> To do:
Will you extract the entries word for word? Images should not appear in the copy.

Collected data:
▽

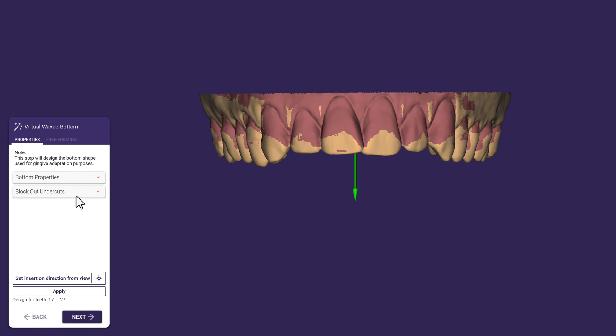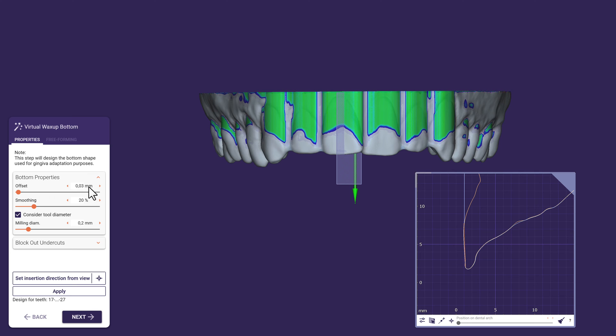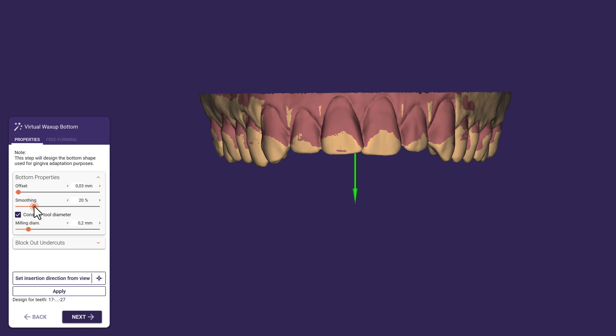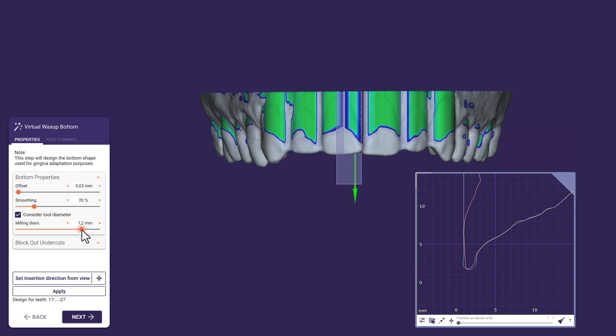Let's have a closer look at DentalCAD in the Virtual Waxer bottom step. Offset controls the digital spacer laid on the model — in this case 30 microns. Smoothing will add more blocked-out material into concavities; the larger the number, the smoother it will be. Consider tool diameter: this value affects the space around sharp incisal edges and depends on your specific manufacturing process. For a CNC machine, the ideal parameter for milling depends on the size of the smallest burr used. It's beneficial to choose a value slightly higher than the actual tool diameter — for example, choose 1.2 mm when milling with a 1 mm tool to ensure a perfect fit without losing too much space. If a 3D printer is doing the job instead, this value should be reduced to 0.1 mm.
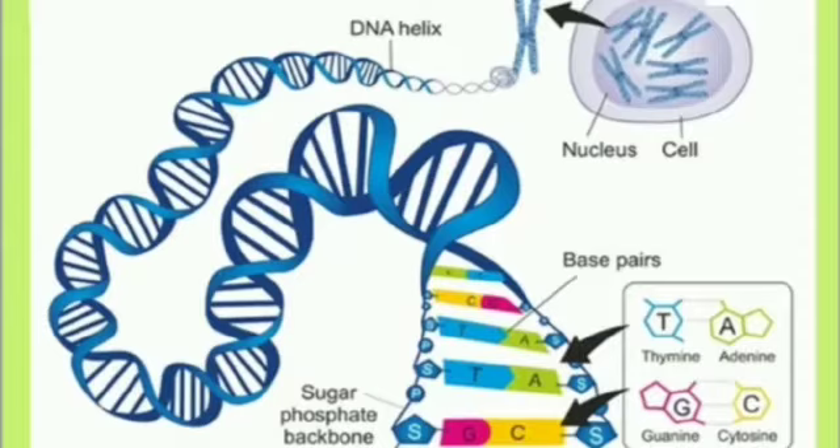This is the double-stranded DNA visible in the image. We also need to draw the diagram when doing the practical. The backbone of the DNA is formed by sugar and phosphate, and purines and pyrimidine bases are present. Based on this, you can get questions on the structure of DNA.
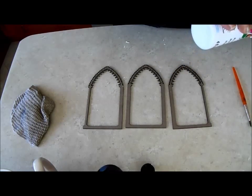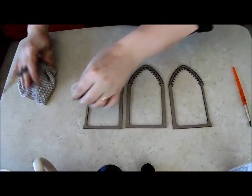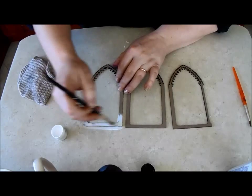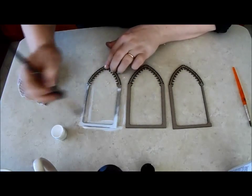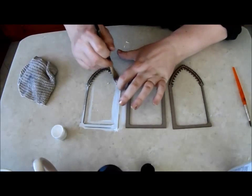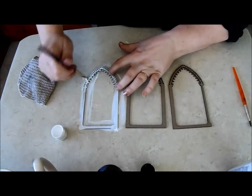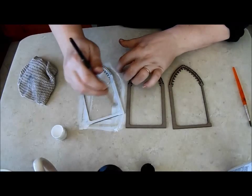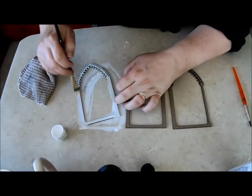I'm going to start these archways off by giving them a coat of white paint. I'm not too worried about getting the insides or the sides or the back. I'm mostly concerned here about just getting a good base for my paint effect that I'm going to apply afterwards.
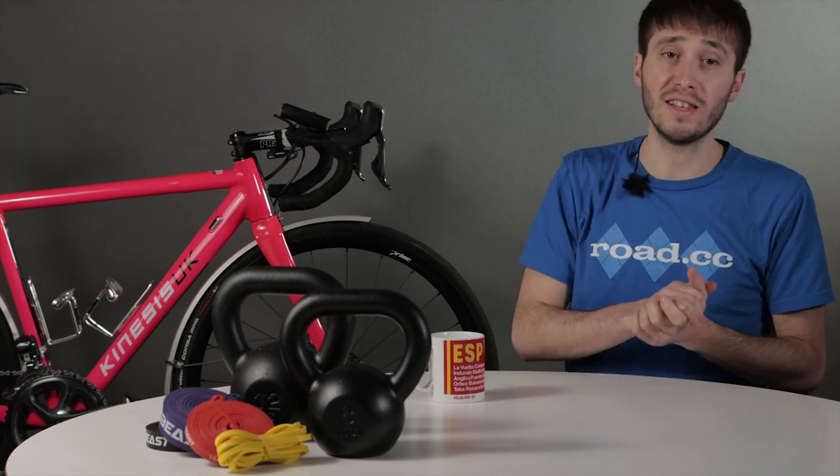Hello and welcome to RoadCC's strength training series for cyclists. In this video we're going to introduce the series and look at the core strength that is so important to cycling.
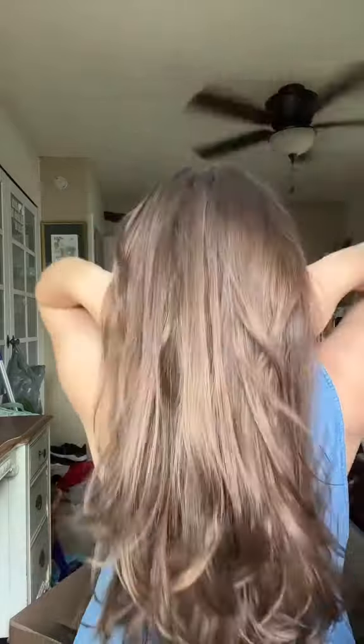But this is the reveal. It definitely gave volume, and it definitely gave waves. My hair looks so healthy with these rollers. Loved how it turned out.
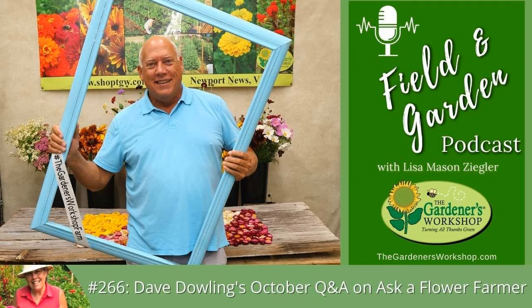We're now in the middle of October. Hopefully if you're doing cool season flowers, you've got them in the ground or started soon, unless you're really far south. If you're in Minnesota, Canada, or Maine and didn't get them planted, you can always plant cool flowers like larkspur, bachelor buttons, and bells of Ireland really early in spring when the weather is still cool.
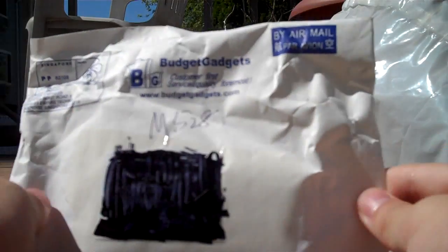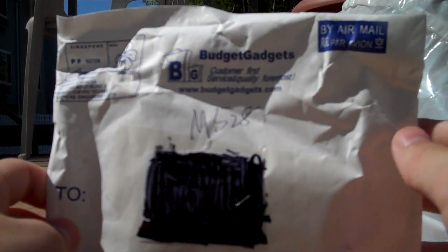I want to thank Budget Gadgets for sending me this product all the way from Singapore — I really don't know exactly where. Anyway, I want to thank them. You guys can visit their website for amazing wholesale products at great resale prices at www.budgetgadgets.com. Let's get into this unboxing right now.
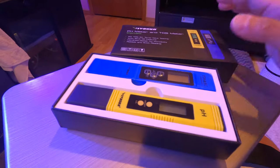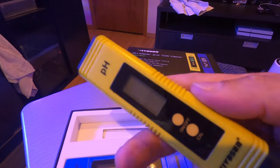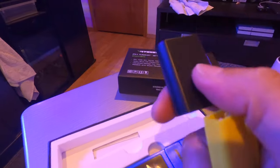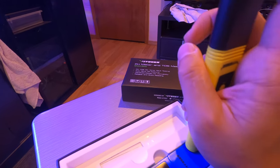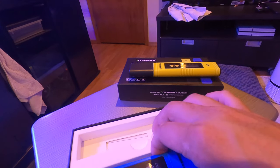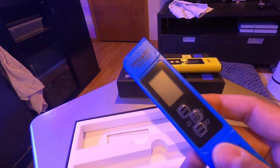I'm going to open it up and show you what it all includes. The yellow one is the pH monitor. This end is what you dip in the water. You always want to rinse it with clean fresh water, otherwise salt buildup will form and you'll have to calibrate it a lot more.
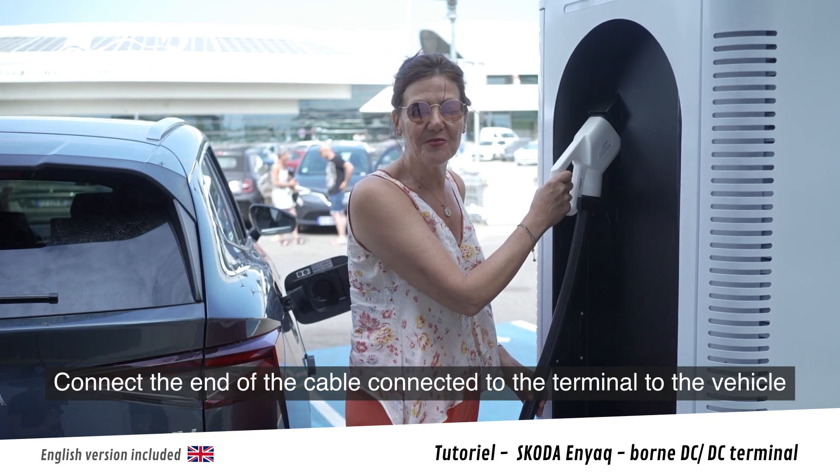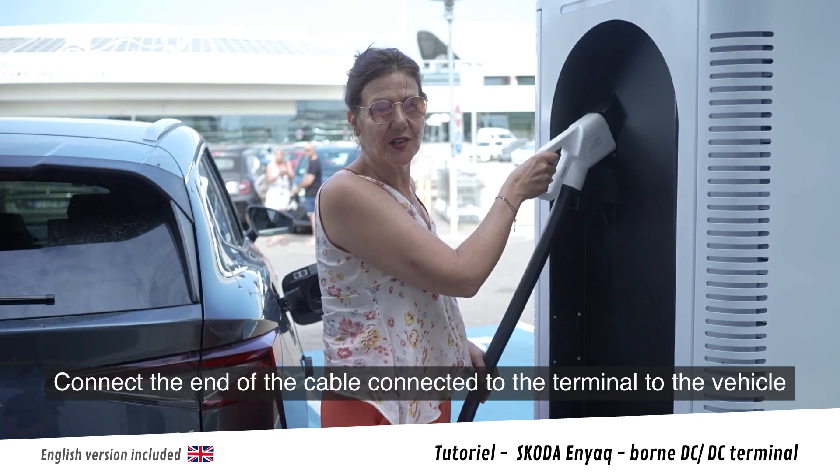Je branche l'embout relié à la borne sur le connecteur du véhicule.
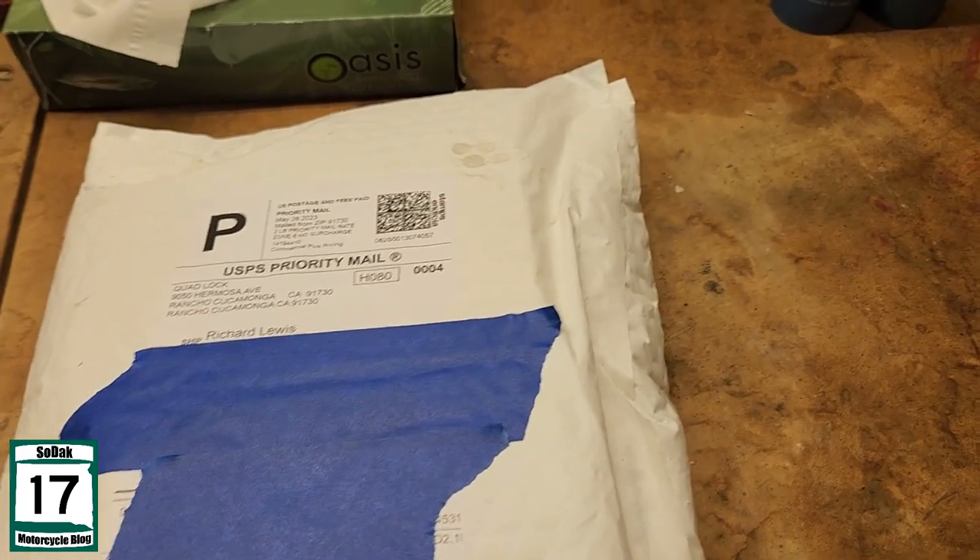Maybe it's Australia, I have no idea. Either way, that was kind of interesting. So let's unbox this thing, shall we?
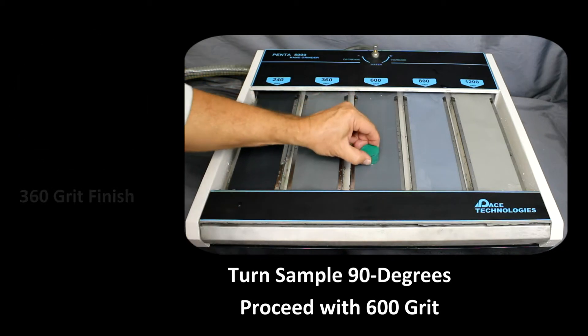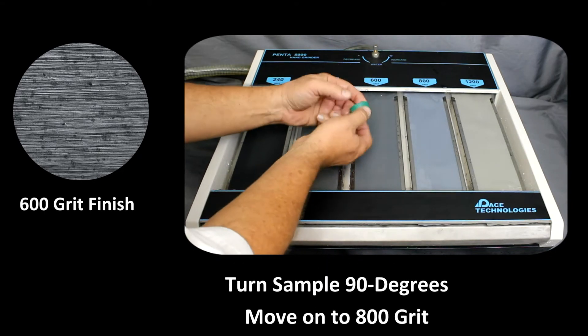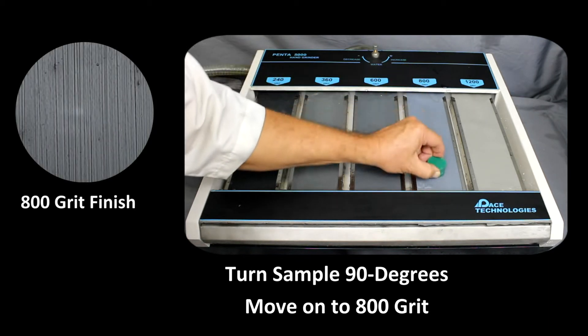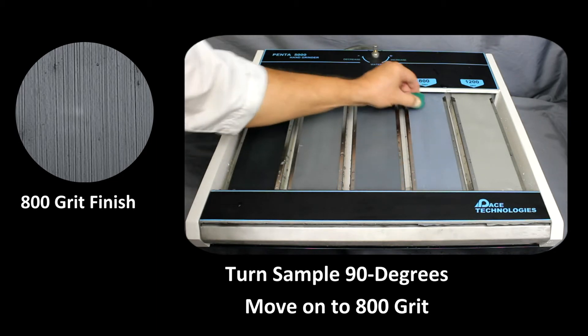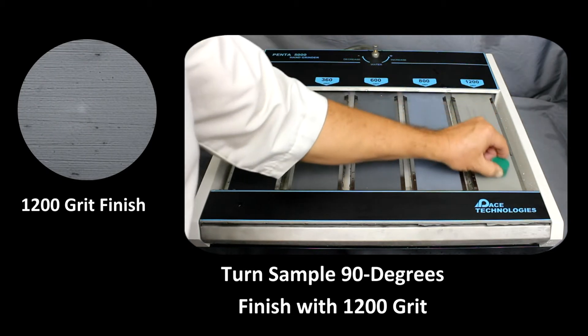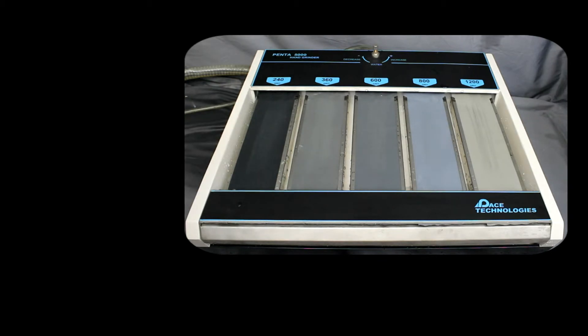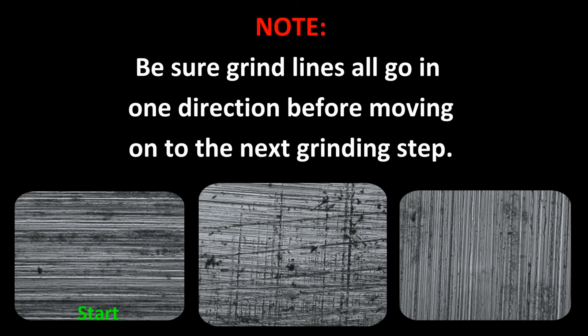Continue the procedure with the 600, 800, and 1200 grinding steps respectively. It is important that all the damage from the previous step be removed before continuing on to the next smaller abrasive size. The best way to ensure that the grinding step has been completed is to visually inspect the sample surface. By rotating 90 degrees after each grit size, it is easy to see if the grinding step has been completed by verifying that all the new grinding scratches are oriented in the new direction.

△

> Output below:
Let's have a closer look at DentalCAD in the Virtual Waxer bottom step. Offset controls the digital spacer laid on the model — in this case 30 microns. Smoothing will add more blocked-out material into concavities; the larger the number, the smoother it will be. Consider tool diameter: this value affects the space around sharp incisal edges and depends on your specific manufacturing process. For a CNC machine, the ideal parameter for milling depends on the size of the smallest burr used. It's beneficial to choose a value slightly higher than the actual tool diameter — for example, choose 1.2 mm when milling with a 1 mm tool to ensure a perfect fit without losing too much space. If a 3D printer is doing the job instead, this value should be reduced to 0.1 mm.
This is the double-stranded DNA visible in the image. We also need to draw the diagram when doing the practical. The backbone of the DNA is formed by sugar and phosphate, and purines and pyrimidine bases are present. Based on this, you can get questions on the structure of DNA.
I'm going to start these archways off by giving them a coat of white paint. I'm not too worried about getting the insides or the sides or the back. I'm mostly concerned here about just getting a good base for my paint effect that I'm going to apply afterwards.
Hello and welcome to RoadCC's strength training series for cyclists. In this video we're going to introduce the series and look at the core strength that is so important to cycling.
But this is the reveal. It definitely gave volume, and it definitely gave waves. My hair looks so healthy with these rollers. Loved how it turned out.
We're now in the middle of October. Hopefully if you're doing cool season flowers, you've got them in the ground or started soon, unless you're really far south. If you're in Minnesota, Canada, or Maine and didn't get them planted, you can always plant cool flowers like larkspur, bachelor buttons, and bells of Ireland really early in spring when the weather is still cool.
I want to thank Budget Gadgets for sending me this product all the way from Singapore — I really don't know exactly where. Anyway, I want to thank them. You guys can visit their website for amazing wholesale products at great resale prices at www.budgetgadgets.com. Let's get into this unboxing right now.
I'm going to open it up and show you what it all includes. The yellow one is the pH monitor. This end is what you dip in the water. You always want to rinse it with clean fresh water, otherwise salt buildup will form and you'll have to calibrate it a lot more.
Je branche l'embout relié à la borne sur le connecteur du véhicule.
Maybe it's Australia, I have no idea. Either way, that was kind of interesting. So let's unbox this thing, shall we?
Continue the procedure with the 600, 800, and 1200 grinding steps respectively. It is important that all the damage from the previous step be removed before continuing on to the next smaller abrasive size. The best way to ensure that the grinding step has been completed is to visually inspect the sample surface. By rotating 90 degrees after each grit size, it is easy to see if the grinding step has been completed by verifying that all the new grinding scratches are oriented in the new direction.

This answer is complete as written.